December 29, 2011 / leuce7

Cannonball Read III Review #5 – Undercover in High Heels

Undercover in High Heels by Gemma Halliday

Third in the High Heels series following Maddie Springer, shoe designer and amateur sleuth, finds us back in Los Angeles, and in the thick of Hollywood land.  Maddie’s loyal best friend, who thinks more highly of Maddie’s sleuthing abilities than I do, convinces her to take a job as a wardrobe assistant on the set of the television series she’s working on, which is a Desperate Housewives-style show called Magnolia Lane.  She does so, over the objections of Jack Ramirez, the cop she’s been sort of seeing since book one, who’s been assigned to the Magnolia Lane actress receiving the death threats Maddie’s investigating.

In keeping with the tone previously established, zaniness and wacky characters abound, and the read remains fun and breezy, but my favorite part of this story was the introduction of a tabloid reporter who ramps up the romantic tension in the book, and an absolutely hilarious cyber scandal Maddie stumbles into feet first in the course of her investigation.

In this third installment, I must admit I was hardly invested in the mystery itself; the characters the mystery involves aren’t really major elements and most are rather unlikeable.  But I stuck with the story because I absolutely loved spending time with the main cast of characters introduced in the first two books, and the developments there left me satisfied with the book and interested in more of their adventures.  These books really are more about the gang of characters than they are about the mysteries, and readers who don’t find Maddie and her cohorts interesting may not get much out of this one.

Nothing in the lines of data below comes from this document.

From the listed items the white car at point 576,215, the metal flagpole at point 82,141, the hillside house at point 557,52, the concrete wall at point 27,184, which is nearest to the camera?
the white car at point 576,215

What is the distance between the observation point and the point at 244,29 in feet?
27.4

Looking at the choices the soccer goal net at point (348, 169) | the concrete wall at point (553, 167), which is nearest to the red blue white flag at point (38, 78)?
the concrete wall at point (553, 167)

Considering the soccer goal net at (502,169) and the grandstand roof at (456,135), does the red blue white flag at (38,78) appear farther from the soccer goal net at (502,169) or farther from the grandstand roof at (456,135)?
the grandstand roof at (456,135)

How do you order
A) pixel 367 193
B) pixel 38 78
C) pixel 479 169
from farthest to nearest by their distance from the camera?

December 29, 2011 / leuce7

Cannonball Read III Review #4 – Killer in High Heels

Killer in High Heels by Gemma Halliday

The second entry in the saga of Maddie Springer, kids shoe designer and amateur sleuth, takes her out to Vegas to investigate a strange message she got on her answering machine–from a father she hasn’t seen since she was three–that ends with the sound of a gunshot.  Along with her best friend-actress sidekick and flaming gay sidekick, she travels to Vegas to see what she can find out about her dad, and gets caught up in the middle of some plot involving mobsters and drag queens.

Again, zaniness abounds; again, it works because you care about the characters.  Maddie doesn’t know much about her dad, whom her mom (loving but interfering, and stuck in an 80’s fashion warp) won’t talk about; and that’s what drives her to go to Vegas.  The mystery is secondary to Maddie’s finding her father and their developing, tenuous relationship–as much as it can be in the middle of drag shows and Vegas.  But you root for Maddie and her dad, and as crazy as their antics may get, still care and root for her and her friends to succeed as well.

Like the first book in the series, the book works because of its lovable characters and breezy tone, and is firmly in the fun, light read category.  And, like the first book, it made me want to dive right into the next one.